Managing Documents

The following sections will use the Kibana console tool on the localhost url.

Creating & Deleting Indices

Deleting an index:
Deleting pages index example

DELETE /pages

Creating an index:
Adding products index example
- To specify index settings, add a request body
- Add a JSON object
- First line specifies the HTTP verb and endpoint
- Following lines specify the JSON request body

PUT /products
{
    "settings": {
        "number_of_shards": 2,
        "number_of_replicas": 2,
    }
}

Indexing Documents

Index a document using POST request
products index example:

POST /products/_doc
{
    "name": "Coffee Maker",
    "price": 64,
    "in_stock": 10
}

// set id to 100
PUT /products/_doc/100
{
    "name": "Toaster",
    "price": 49,
    "in_stock": 4
}

Retrieving documents by ID

Retrieve Toaster example at id 100

GET /products/_doc/100

Updating documents

Updating Toaster example at id 100 to have less count down to 3 in stock

POST /products/_update/100
{
    "doc": {
        "in_stock": 3
    }
}

Adding New Fields
Adding electronics field to Toaster Example

POST /products/_update/100
{
    "doc": {
        "tags": ["electronics"]
    }
}

Documents are immutable

info

Elasticsearch documents are immutable
Instead, we replaced documents entirely
The Update API is simpler and saves network traffic
- The current document is retrieved
- The field values are changed
- The existing document is replaced with the modified document
- Replacing is less requests compared to modifying, which is good.

Scripted updates

Elasticsearch supports scripting, allowing you to write custom logic or code while assessing a document's values
Scripting to decrease count for Toaster example:
- ctx is a variable, short word for context
- _source property gives an object containing the document's fields
- in_stock field is the custom count of items created earlier
- -- decrements and ++ increments

POST /products/_update/100
{
    "script": {
        "source": "ctx._source.in_stock--"
    }
}

Scripting to assign a new count for Toaster example:

POST /products/_update/100
{
    "script": {
        "source": "ctx._source.in_stock = 10"
    }
}

Could pass in parameters
Scripting to account for parameters making changes to count for Toaster example:

POST /products/_update/100
{
    "script": {
        "source": "ctx._source.in_stock -= params.quantity"
        "params": {
            "quantity": 4
        }
    }
}

Scripting to decrease count for Toaster, accounting for edge cases, example:
- add an if clause to check if stock is zero.

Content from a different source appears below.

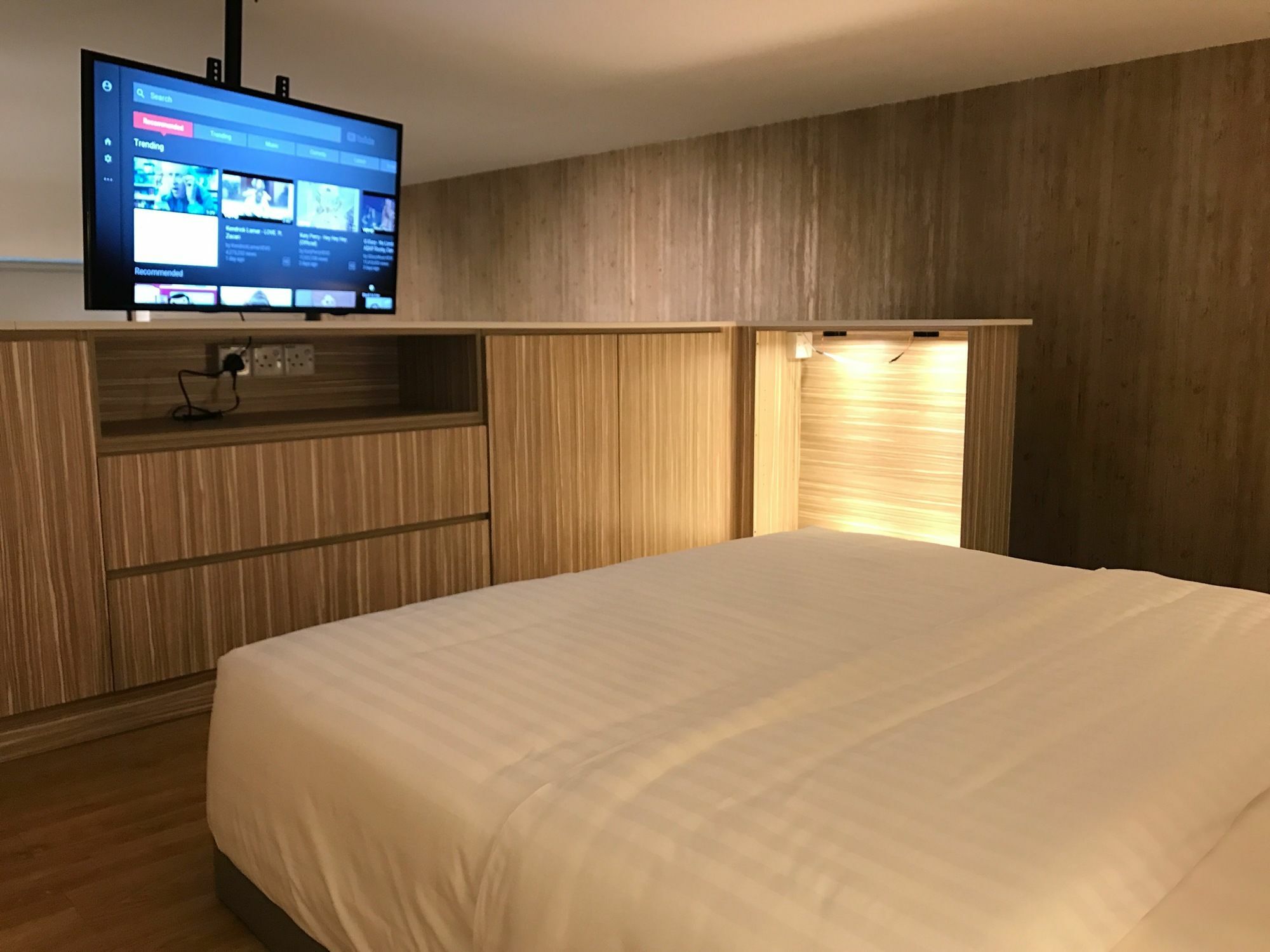 Alila Bangsar Kuala Lumpur Hotel Exterior photo A television mounted on a wall in a hotel room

Cannot decrement when 0.
- if the if clause is met, then no changes are applied to the document and the "result" key is set to noop

POST /products/_update/100
{
    "script": {
        "source": """
            if(ctx._source.in_stock == 0){
                ctx.op = 'noop';
            }

            ctx._source.in_stock--;
        """
    }
}

Similarly, could change to this logic that does the same thing:

POST /products/_update/100
{
    "script": {
        "source": """
            if(ctx._source.in_stock > 0){
                ctx._source.in_stock--;
            }
        """
    }
}

tip

NOTE: The different with this code compared to the one before is that it will always yield a result of "updated", regardless of whether or not the field value was actually changed.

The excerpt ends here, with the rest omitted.